Casper is part of that history, winning the 1958 Greater New Orleans Open on the old West Course at City Park, across the street from where Tillar, golf course superintendent Louis Bischoff and their combined work force of 20 full- and part-time people have set up shop.

In the coming weeks, the old clubhouse on Filmore Avenue will be razed, another sign of recovery at City Park. Meantime, it continues to serve as a painful reminder of three long years.

"I remember driving up to the course at 8:30 the morning of July 15, my first day on the job," Tillar said. "When I first saw the golf course it looked like it was asleep. You could tell it was a golf course, but it was asleep.

"Now it looks awake, and hopefully by Labor Day weekend it will be wide awake and ready to go."

Tillar's first order of business is getting the North Course ready for what promises to be a busy and memorable Labor Day weekend, beginning with a fundraising event called "Play the Park" on Aug. 29 sponsored by the Fore!Kids Foundation.

On Aug. 30, 224 lottery winners will play a best-ball scramble in the morning for free. That afternoon, the course will officially welcome back the paying public for play through the rest of the holiday weekend.

Tillar said more than 500 golfers have entered the lottery online (www@cityparkgolf.com) and in person at the park. The deadline to enter is midnight Sunday.

Each entrant will be assigned a number, and those numbers will be fed into a computer. The winners will be picked randomly and notified by phone beginning at 8 a.m. Monday.

"We'll start filling up the foursomes starting with the first group at 6 a.m.," Tillar said. "The afternoon of the 30th, we'll turn it over to the paying public. That means someone out of that first tee time at 2 p.m. on Aug. 30 will hold the course record if only for eight to 10 minutes. But they'll have the course record."

In the coming days, Bischoff and his crew will put the finishing touches on the course, placing mulch in tree beds and pins and tee boxes in their proper spots. They'll put out water coolers and put up welcome signs, spruce up the on-course bathrooms, beautify the driving range and paint where needed.

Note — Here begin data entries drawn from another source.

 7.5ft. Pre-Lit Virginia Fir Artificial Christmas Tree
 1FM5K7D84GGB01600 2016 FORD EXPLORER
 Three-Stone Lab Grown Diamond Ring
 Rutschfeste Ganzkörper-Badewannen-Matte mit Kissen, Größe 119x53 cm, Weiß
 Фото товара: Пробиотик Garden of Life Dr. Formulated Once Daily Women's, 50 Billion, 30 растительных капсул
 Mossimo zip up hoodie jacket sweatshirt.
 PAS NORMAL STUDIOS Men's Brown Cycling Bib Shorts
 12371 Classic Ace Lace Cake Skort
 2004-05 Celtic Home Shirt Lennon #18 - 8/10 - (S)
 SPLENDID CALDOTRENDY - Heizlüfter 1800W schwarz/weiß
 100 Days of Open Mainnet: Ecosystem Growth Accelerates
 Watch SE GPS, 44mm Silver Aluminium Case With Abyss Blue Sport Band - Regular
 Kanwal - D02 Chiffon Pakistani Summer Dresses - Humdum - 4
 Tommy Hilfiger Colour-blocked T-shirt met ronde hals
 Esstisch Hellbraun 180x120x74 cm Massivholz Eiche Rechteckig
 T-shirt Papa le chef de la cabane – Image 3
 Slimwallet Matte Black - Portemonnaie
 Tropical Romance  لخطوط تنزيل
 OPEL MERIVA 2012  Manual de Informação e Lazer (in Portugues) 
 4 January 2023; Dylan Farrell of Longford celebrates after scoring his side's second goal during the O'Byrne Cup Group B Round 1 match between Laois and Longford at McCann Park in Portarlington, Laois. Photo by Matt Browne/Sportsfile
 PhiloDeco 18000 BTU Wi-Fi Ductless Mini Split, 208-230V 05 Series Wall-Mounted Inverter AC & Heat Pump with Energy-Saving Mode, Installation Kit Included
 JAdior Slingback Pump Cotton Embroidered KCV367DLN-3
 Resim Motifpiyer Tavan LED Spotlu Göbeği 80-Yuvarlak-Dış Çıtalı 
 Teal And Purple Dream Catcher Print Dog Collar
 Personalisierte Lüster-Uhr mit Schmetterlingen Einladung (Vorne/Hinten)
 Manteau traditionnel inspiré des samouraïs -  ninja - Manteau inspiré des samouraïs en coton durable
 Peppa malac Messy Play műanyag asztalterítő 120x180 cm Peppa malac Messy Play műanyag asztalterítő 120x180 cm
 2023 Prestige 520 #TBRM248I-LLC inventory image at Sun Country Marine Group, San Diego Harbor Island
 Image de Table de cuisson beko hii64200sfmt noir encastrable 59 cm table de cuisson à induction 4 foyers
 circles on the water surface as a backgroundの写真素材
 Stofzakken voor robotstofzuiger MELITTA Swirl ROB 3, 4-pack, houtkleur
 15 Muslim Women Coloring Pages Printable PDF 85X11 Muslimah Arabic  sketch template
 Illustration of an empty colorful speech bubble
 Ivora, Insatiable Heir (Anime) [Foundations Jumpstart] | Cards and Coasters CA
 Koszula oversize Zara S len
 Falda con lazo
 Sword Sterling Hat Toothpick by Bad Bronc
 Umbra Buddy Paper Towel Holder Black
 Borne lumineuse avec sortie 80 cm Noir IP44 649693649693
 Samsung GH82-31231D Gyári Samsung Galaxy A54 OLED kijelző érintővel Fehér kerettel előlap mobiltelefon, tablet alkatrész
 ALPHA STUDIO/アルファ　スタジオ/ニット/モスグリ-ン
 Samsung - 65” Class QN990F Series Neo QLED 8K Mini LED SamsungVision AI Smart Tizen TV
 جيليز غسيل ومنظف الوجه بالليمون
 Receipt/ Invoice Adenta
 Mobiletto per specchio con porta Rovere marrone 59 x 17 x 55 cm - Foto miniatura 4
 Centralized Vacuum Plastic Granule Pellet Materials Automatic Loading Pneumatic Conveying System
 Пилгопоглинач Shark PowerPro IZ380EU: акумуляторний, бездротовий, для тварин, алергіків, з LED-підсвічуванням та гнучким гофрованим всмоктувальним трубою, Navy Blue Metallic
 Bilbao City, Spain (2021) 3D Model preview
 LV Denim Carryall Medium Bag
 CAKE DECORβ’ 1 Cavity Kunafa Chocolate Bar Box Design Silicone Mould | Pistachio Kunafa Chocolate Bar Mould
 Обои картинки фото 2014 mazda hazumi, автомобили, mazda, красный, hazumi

"The big carrot for Billy Casper Golf and me is what happens long term to the whole golf complex," said Tillar, who previously worked as an assistant director of golf operations at a municipal course in Cincinnati. "There is great potential here, and it would be a wonderful facility to be involved in, both from a corporate standpoint and for me personally.

Tillar paused.

"In 2 1/2 years we're going to get this place running the best we can, have some fun, give it back to the community and get the driving range humming and back to where it was when it was churning out tens of thousands of buckets every year," he said. "From a demographic point of view, if we give them a good product that can happen again. When people leave here, I want them to say they had a fun and enjoyable experience and they're coming back."

That indeed will be music to the ears of every City Park golfer past, present and future.